= Association of Professional Geoscientists of Ontario =

Professional organization of Canada

Professional Geoscientists Ontario (PGO), the registered business name of the Association of Professional Geoscientists of Ontario (APGO), governs the practice of geoscientists in the province of Ontario, Canada.

==Organisation==
The Professional Geoscientists Act, 2000 received Royal Assent on June 23, 2000 and established the Association of Professional Geoscientists of Ontario. PGO governs the practice of professional geoscience in Ontario and reports to the Minister of Energy, Northern Development and Mines. The legislation protects the public and investors by establishing a regulated association of geoscientists with the power to admit only qualified persons, to encourage continuing professional competence, to discipline members for professional misconduct and to prevent unqualified individuals from practising.

The legislation brings Ontario geoscientists to the same level of standards and accountability as in British Columbia, Alberta, Saskatchewan, Manitoba, Northwest Territories, Nunavut, Quebec, New Brunswick, Nova Scotia and Newfoundland.

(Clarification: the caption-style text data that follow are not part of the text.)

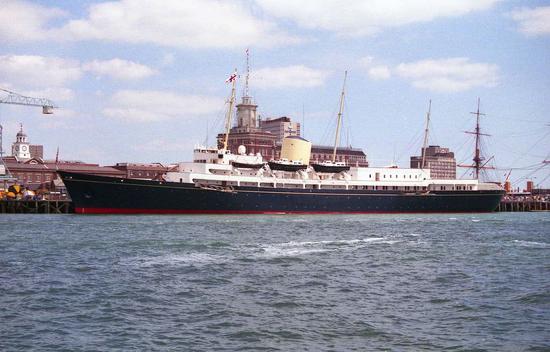 图片:英国皇家邮轮"不列颠尼亚"号帮忙撤走了数百中国人员.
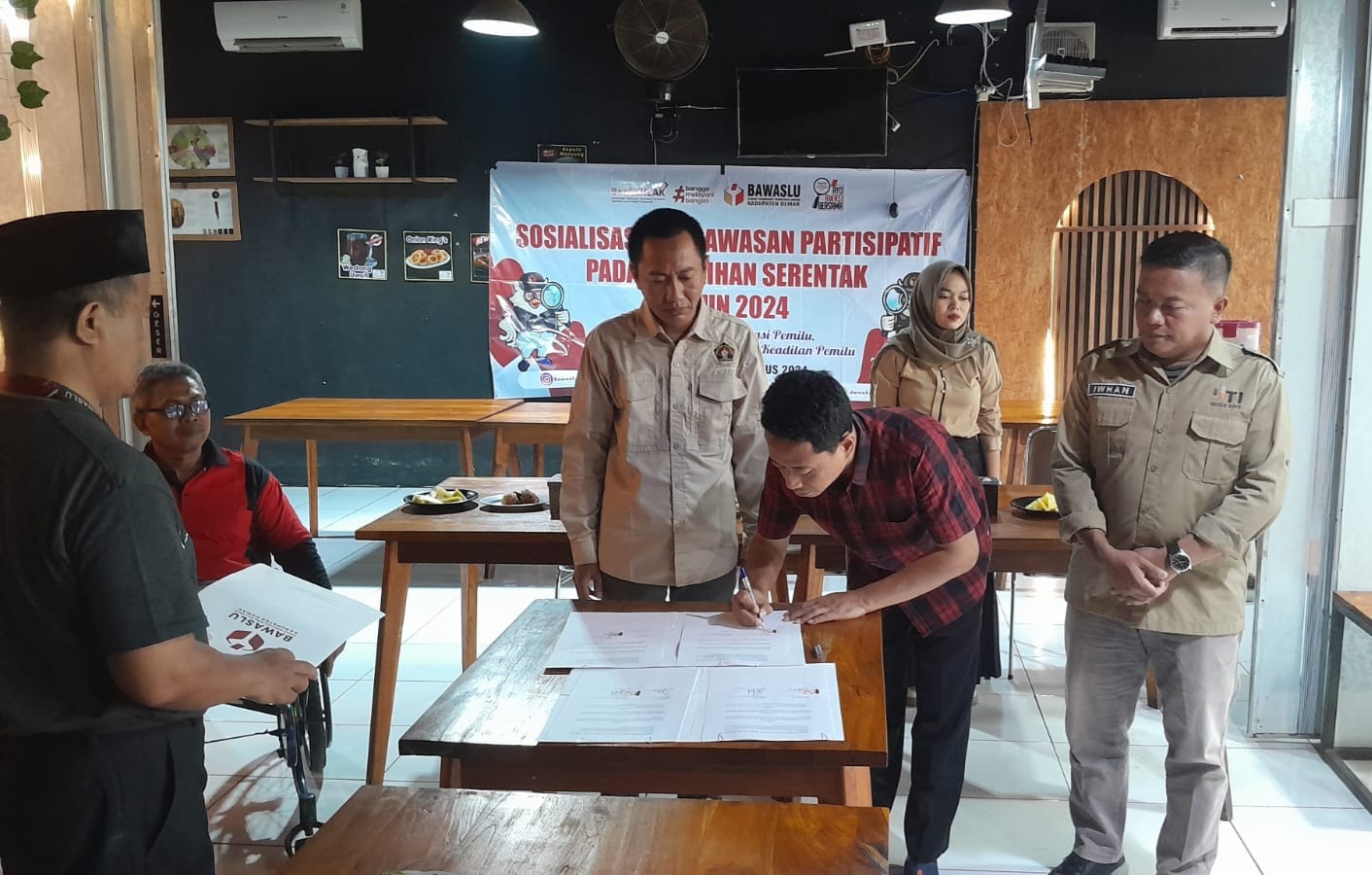 Ketua Bawaslu Demak Ulin Nuha menandatangani MoU pengawasan pilkada dengan PWI Demak. (Wahibpribadi)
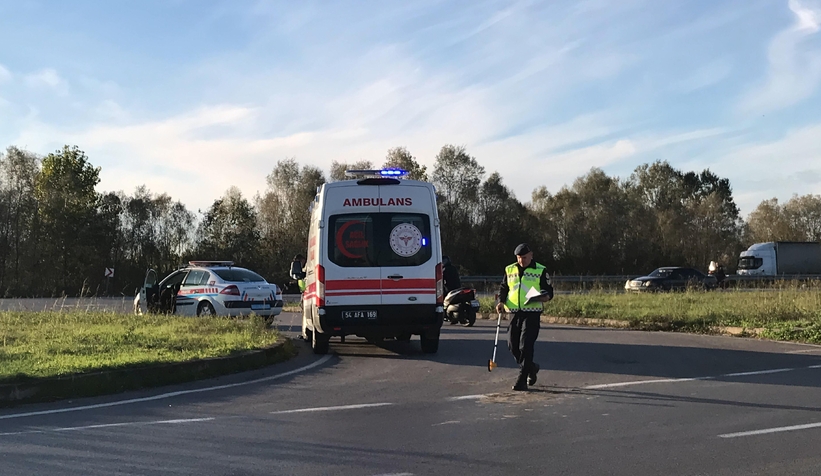 Hasta taşıyan ambulans kaz ayaptı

PGO establishes and administers registration requirements, conducts complaint reviews and a discipline process, establishes practice standards and enforces reserve practice and title provisions in the Act. As a member of the Canadian Council of Professional Geoscientists (CCPG), the association works to facilitate transferability and mobility of professional geoscientists between Ontario and other provinces/territories, as required by the Interprovincial Agreement on Mobility implemented July 2001.

The Province of Ontario requires registration with PGO of anyone wishing to practise geoscience, or already practising geoscience and using the professional designation of the profession (P.Geo., P.Geol., P. Geoph., G.P., or géo.), or otherwise representing themselves to the public as a professional geoscientist in Ontario.

Professional geoscience is defined as any activity that requires the knowledge, understanding and application of the principles of geoscience and that concerns safeguarding the welfare of the public, including the life, health, and property of individuals and of the natural environment.